If you’d like to follow along, you may download the Interrupt repo and navigate to the example directory.

$ git clone git@github.com:memfault/interrupt.git
$ cd interrupt/example/conda-developer-environments/

Before we begin, I want to bring comfort to anyone skeptical about installing yet another tool. Conda is the opposite of invasive, and everything is installed into a single directory, $HOME/miniconda3 by default. If you want to uninstall Conda, deleting that directory will be all that is necessary.

Installing Conda

To install the conda client on a machine, the recommended way is to download the interactive Miniconda installer and run it through bash. The following steps apply to both Linux and macOS. If you are using Windows, there is a Miniconda installer that can be downloaded from the same page.

# Download for Mac:
$ wget https://repo.anaconda.com/miniconda/Miniconda3-latest-MacOSX-x86_64.sh
# Download for Linux:
$ wget https://repo.anaconda.com/miniconda/Miniconda3-latest-Linux-x86_64.sh
# install it
$ bash Miniconda3-latest-*-x86_64.sh

The final step in the installer is to make sure the $HOME/miniconda3/etc/profile.d/conda.sh script is loaded in the shell. When the following prompt is given:

Do you wish the installer to initialize Miniconda3
by running conda init? [yes|no]

If you’d like Conda to edit your .bashrc or .zshrc file automatically, you can say yes here. If you do, I suggest running the following command after the installation is complete so that the base Conda environment won’t automatically activate.

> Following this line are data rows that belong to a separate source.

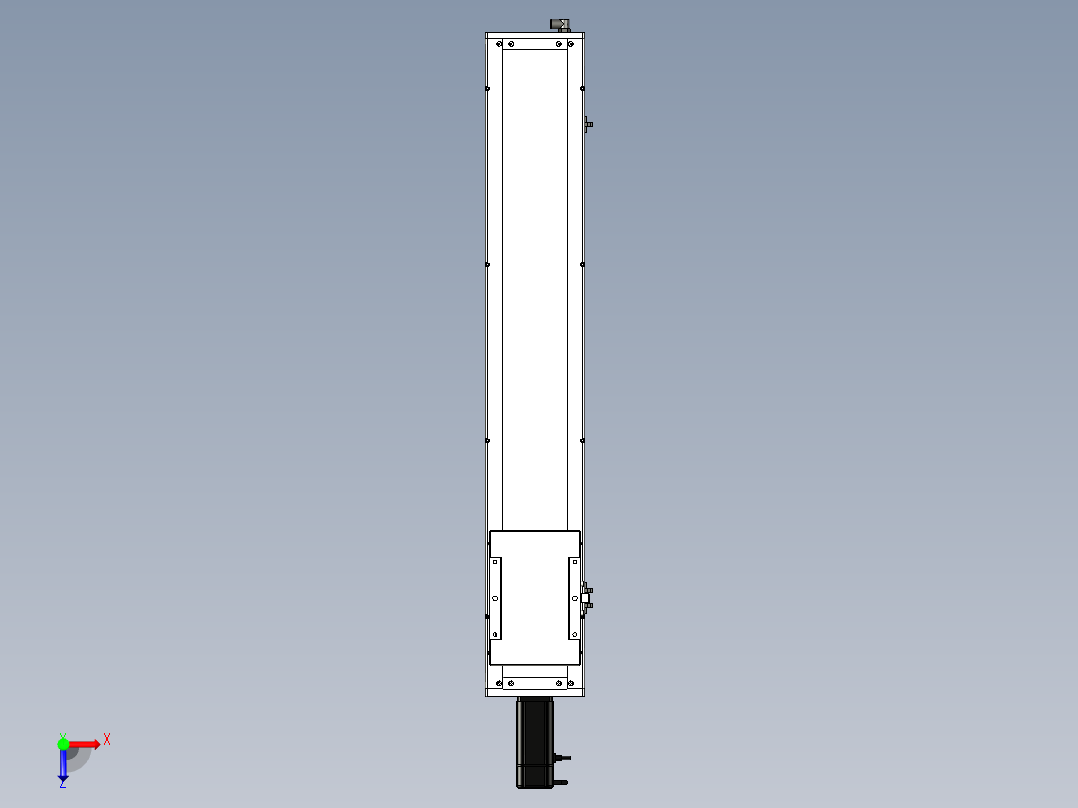 Toyo东佑达直线模组-ECH17-800-BC-400W+煞車俯视图
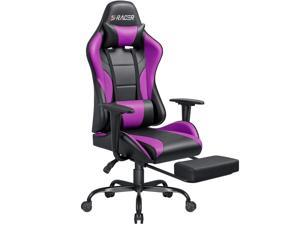 Homall Gaming Chair Computer Office Chair Ergonomic Desk Chair with Footrest Racing Executive Swivel Chair Adjustable Rolling Task Chair (Purple)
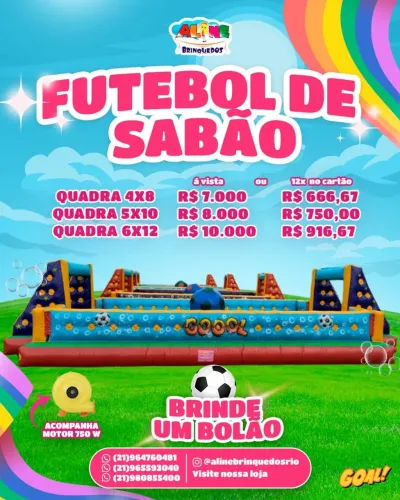 Futebol de Sabão Inflável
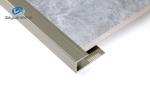 6063 Aluminium Floor Edge Trim T6 Tempered Anti-Slip For Home Decoration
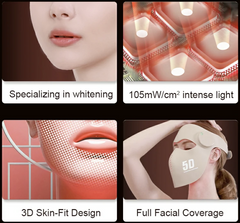 4D LED Silicone Light Therapy Mask
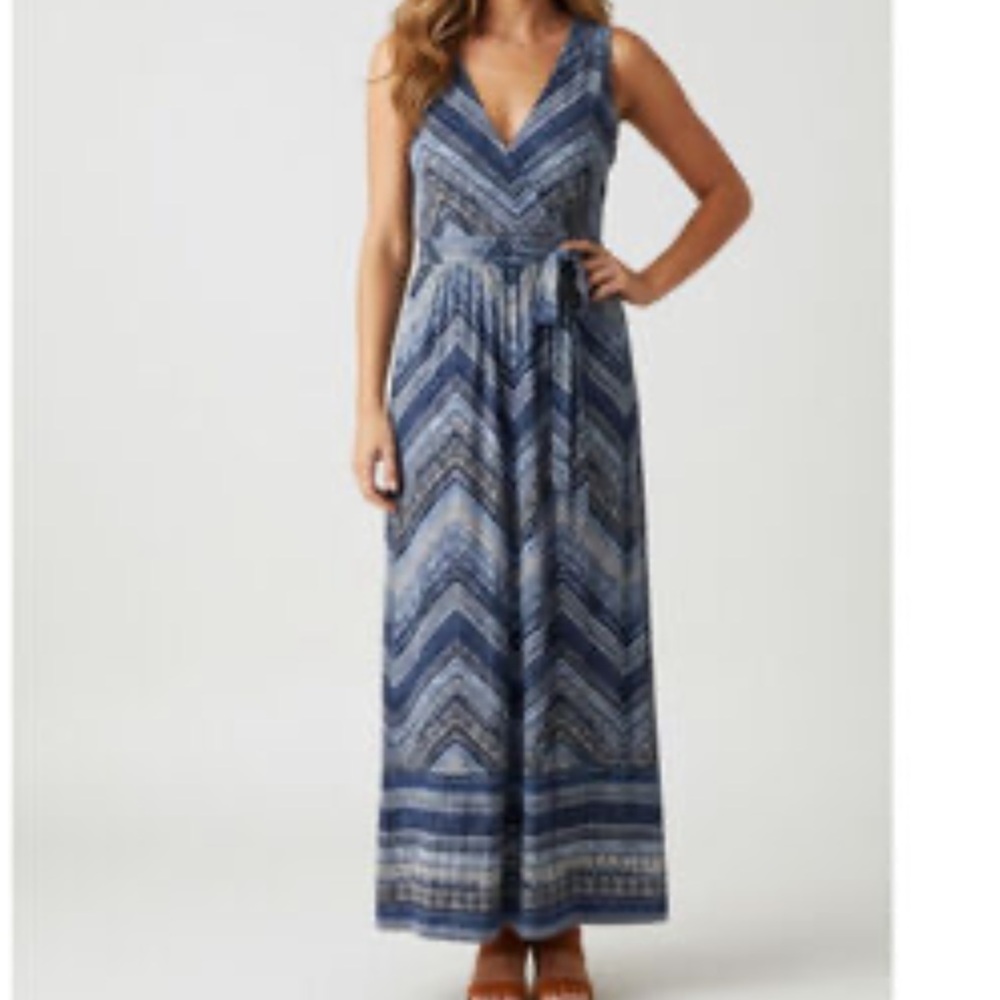 Mario Serrani Chevron Maxi Dress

$ conda config --set auto_activate_base false

If you would rather edit the startup file yourself, add the following line:

. "$HOME/miniconda3/etc/profile.d/conda.sh"

If everything was successful, after reloading our shell, we can now run the conda command in the shell.

$ conda --version
conda 4.7.12

Creating the Environment

The next step is to create an isolated environment in which we can install packages into. We will create an environment called example using Conda’s create command

$ conda create -n example
Collecting package metadata (current_repodata.json): done
Solving environment: done

## Package Plan ##

  environment location: /Users/tyler/miniconda3/envs/example

Proceed ([y]/n)? y

Preparing transaction: done
Verifying transaction: done
Executing transaction: done
#
# To activate this environment, use
#
#     $ conda activate example
#
# To deactivate an active environment, use
#
#     $ conda deactivate

Now, we are able to load up our environment using:

$ conda activate example

Our current environment has zero packages installed. We can double check this by running conda list.

(example)
$ conda list
# packages in environment at /Users/tyler/miniconda3/envs/example:
#
# Name                    Version                   Build  Channel

Configuring the Environment

We want to install the following packages:

ARM GCC Toolchain (8-2019-q3-update)
Make (4.2.1)
Python (3.6)
nrfutil (6.0.0)

There are two ways to install packages. The first is by installing them directly with the CLI (e.g. conda install make), and the second is by defining them in a environment.yml file, generally placed in the root of the project. We will use the second method.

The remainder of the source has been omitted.